=== DATA PROVIDED ===

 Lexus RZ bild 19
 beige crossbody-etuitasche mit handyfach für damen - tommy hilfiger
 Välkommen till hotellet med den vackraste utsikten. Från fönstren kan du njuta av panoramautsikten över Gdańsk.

===
=== DATA PROVIDED ===

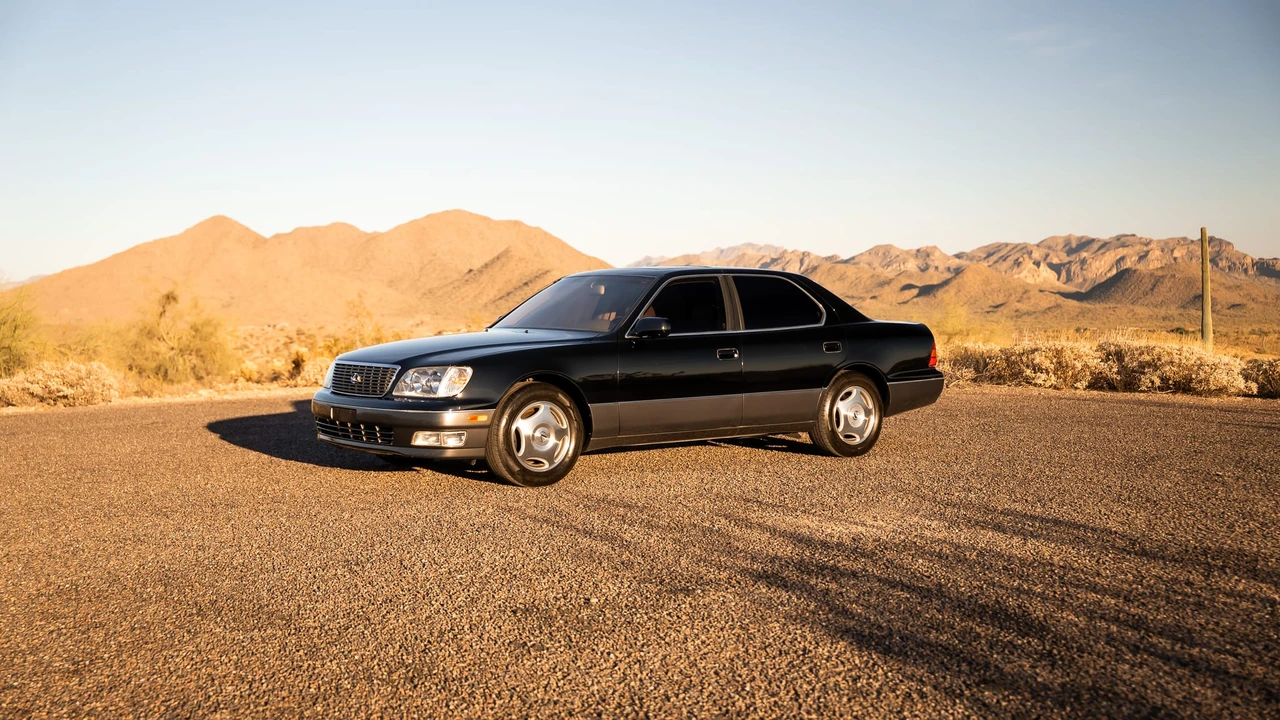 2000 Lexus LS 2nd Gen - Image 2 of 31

===
=== DATA PROVIDED ===

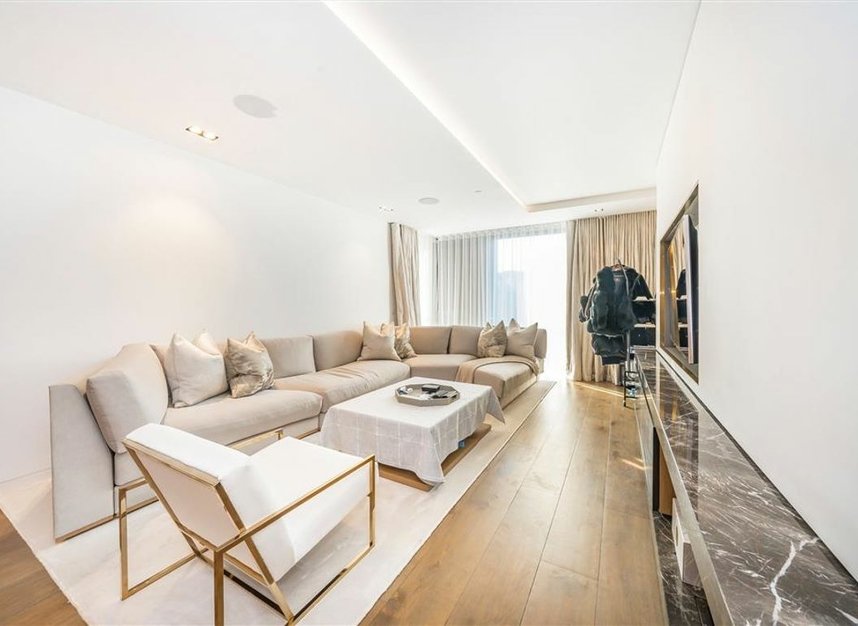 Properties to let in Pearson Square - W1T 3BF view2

===

● YOUR GOAL
Find "Lexus RZ bild 19" in the entries above and copy that whole line exactly, then each line after it through the line that contains "Välkommen till hotellet".

● PROBLEM SOLUTION
 Lexus RZ bild 19
 beige crossbody-etuitasche mit handyfach für damen - tommy hilfiger
 Välkommen till hotellet med den vackraste utsikten. Från fönstren kan du njuta av panoramautsikten över Gdańsk.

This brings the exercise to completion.